Landlords exploit mortgage rates to boost portfolios

AFS Team·24 October 2013·4 min read

Landlords exploit mortgage rates to boost portfolios
Falling mortgage rates are seeing landlords rapidly expand their property portfolios, according to the latest Mortgages for Business Buy to Let Index.

With property yields on the increase, landlords are taking advantage of lower interest rates for buy-to-let mortgages to increase their property holdings – while others are increasingly re-mortgaging their portfolio to boost profits.

With yields now reaching 7.6%, up from 6.4% in the previous quarter, property landlords are increasingly looking to exploit falling mortgage rates to build their residential property portfolios.
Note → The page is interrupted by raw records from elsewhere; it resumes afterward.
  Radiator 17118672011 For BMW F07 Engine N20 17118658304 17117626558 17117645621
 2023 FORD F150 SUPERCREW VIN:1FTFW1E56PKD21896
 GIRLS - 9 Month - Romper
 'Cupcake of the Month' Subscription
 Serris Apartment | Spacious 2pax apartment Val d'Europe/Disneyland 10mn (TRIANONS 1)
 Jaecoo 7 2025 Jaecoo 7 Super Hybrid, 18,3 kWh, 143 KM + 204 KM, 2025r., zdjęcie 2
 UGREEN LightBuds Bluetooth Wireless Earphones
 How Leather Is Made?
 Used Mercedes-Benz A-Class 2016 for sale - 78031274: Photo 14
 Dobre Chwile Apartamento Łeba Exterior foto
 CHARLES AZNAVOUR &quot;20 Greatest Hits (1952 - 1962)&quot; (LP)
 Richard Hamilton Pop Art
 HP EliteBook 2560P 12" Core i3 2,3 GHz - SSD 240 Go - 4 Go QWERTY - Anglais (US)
However, not all properties saw the same improvement in yield with houses in multiple occupation seeing a dramatic rise from 9.5% to 11.8% in the last quarter.

The index reveals that landlords have significantly more purchasing power than they did in the summer and the gross yields have risen on all property types except for semi-commercial properties.

The yield for commercial lettings have dropped from their recent high of 11.4% to 9.8%.

Buy-to-let mortgages continue to be popular

Buy-to-let mortgages continue to be popular and the number of mortgage products on offer now stands at 484. That is 19 more than were being offered a few months previously and the number of lenders willing to offer buy-to-let mortgages remains the same at 27.

The index also reveals that loan-to-value ratios have remained stable at 68%.

David Whittaker, managing director of Mortgages for Business, said: “Landlords are being encouraged to increase activity with rates remaining low and yields being consistently high. Confidence is high among lenders and investors we should see even more growth in the sector.”

He added that the improving choice in mortgage products for landlords is also helping drive competition and bring about cheaper deals.

Buy-to-let mortgage providers grow in confidence

There is also the issue of some Irish banks and RBS turning away from property lending that is forcing some landlords to re-mortgage and enjoy better deals as other lenders see the potential returns on investment.

David is confidently predicting that the surge of interest in buy-to-let mortgage lending will increase as yields continue to climb and property prices increase.

Underlining this, David adds, is the continuing strong demand from prospective tenants which is helping to push rents up.

However, it’s not all good news as the estate agency Chesterton Humbert has warned that the government’s flagship Help to Buy scheme could yet force down rents in London as tenants find they have the means to buy a home.

The agency says rents could drop by 5% and leave a glut of empty buy-to-let properties on the market.